SDAA429 June 2026 MSPM0G5187
Time-series classification identifies specific categories, operational states, or predefined labels within time-series data, and is widely applied across domains including healthcare, wireless monitoring, smart security, and automated testing.
The waveform classifier solution implements a lightweight, 13K-parameter time-series classification model (CLS_13k_NPU), designed for efficient deployment on embedded neural processing units (NPUs). The design employs a 256-point Real Fast Fourier Transform (RFFT) feature extraction pipeline combined with 8-frame concatenation per AI inference task, accepting a 128-element 1D time-series feature vector as input and producing a 3-element output vector where each element represents the confidence score of the corresponding class.
The exported model file outputs an INT8 (8-bit quantized) tensor from the final fully connected layer. Since the raw output consists of per-class confidence scores in quantized form, a post-processing step is required to derive the final classification result.
The mode network is structured as a sequential feature transformation pipeline, where each stage builds directly upon the output of the previous to progressively refine and abstract the input representation toward a final classification decision. Figure 5-2 shows the workflow.
The pipeline begins with a Batch Normalization Layer, which standardizes the raw input sequence in real time, ensurinsg consistent feature scaling regardless of input signal amplitude variations before any learned transformation is applied. With the input stabilized, the network then progressively deepens the feature representation through six Consecutive Convolutional Blocks. Each block follows a consistent internal structure - a Conv2D Layer with bias, followed by Batch Normalization and ReLU activation, forming a repeating pattern that captures increasingly abstract temporal patterns across successive stages. The Batch Normalization within each block maintains training stability as depth increases, while the ReLU activation introduces the non-linearity necessary for the model to learn complex signal characteristics.
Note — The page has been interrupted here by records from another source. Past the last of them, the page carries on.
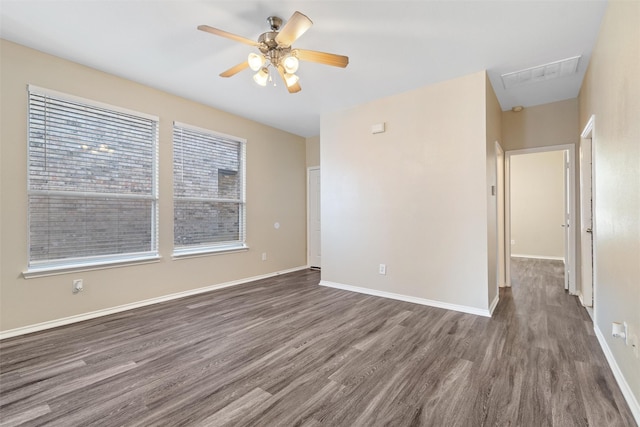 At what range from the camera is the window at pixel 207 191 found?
154 inches

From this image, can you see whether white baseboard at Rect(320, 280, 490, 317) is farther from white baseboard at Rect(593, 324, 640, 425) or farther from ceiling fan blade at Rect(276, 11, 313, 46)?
ceiling fan blade at Rect(276, 11, 313, 46)

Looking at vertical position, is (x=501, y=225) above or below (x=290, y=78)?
below

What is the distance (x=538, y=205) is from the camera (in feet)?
22.1

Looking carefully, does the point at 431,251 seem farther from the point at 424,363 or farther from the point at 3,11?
the point at 3,11

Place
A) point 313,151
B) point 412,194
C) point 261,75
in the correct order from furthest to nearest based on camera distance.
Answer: point 313,151, point 412,194, point 261,75

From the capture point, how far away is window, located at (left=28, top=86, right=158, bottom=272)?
9.13 feet

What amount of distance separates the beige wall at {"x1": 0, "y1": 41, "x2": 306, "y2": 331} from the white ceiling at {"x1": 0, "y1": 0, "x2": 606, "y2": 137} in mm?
209

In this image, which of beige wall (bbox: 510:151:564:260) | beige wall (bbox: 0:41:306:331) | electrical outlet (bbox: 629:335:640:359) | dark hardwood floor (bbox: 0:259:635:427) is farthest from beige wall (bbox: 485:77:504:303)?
beige wall (bbox: 510:151:564:260)

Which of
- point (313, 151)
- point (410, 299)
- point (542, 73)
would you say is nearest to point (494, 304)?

After the six convolutional stages, the resulting feature map passes through an Adaptive Average Pooling Layer, which collapses the spatial resolution to a fixed size of 1x1 regardless of the preceding temporal length. This design is particularly significant: by decoupling the model from any fixed temporal dimension, this inherently grants the model compatibility with varying time-series input lengths, providing flexibility for future deployment scenarios without requiring architectural changes.
The fixed-size pooled feature map is then flattened into a 2D tensor and passed through a final Fully Connected (FC) Layer, which maps the compressed, high-dimensional feature representation directly to the target class output scores.
The exported model file outputs an INT8 (8-bit quantized) tensor from the final fully connected layer. Since the raw output consists of per-class confidence scores in quantized form, a post-processing step is required to derive the final classification result. Typically, this is accomplished by applying an argmax operation over the output vector, which identifies the class index carrying the highest confidence score as the predicted classification outcome.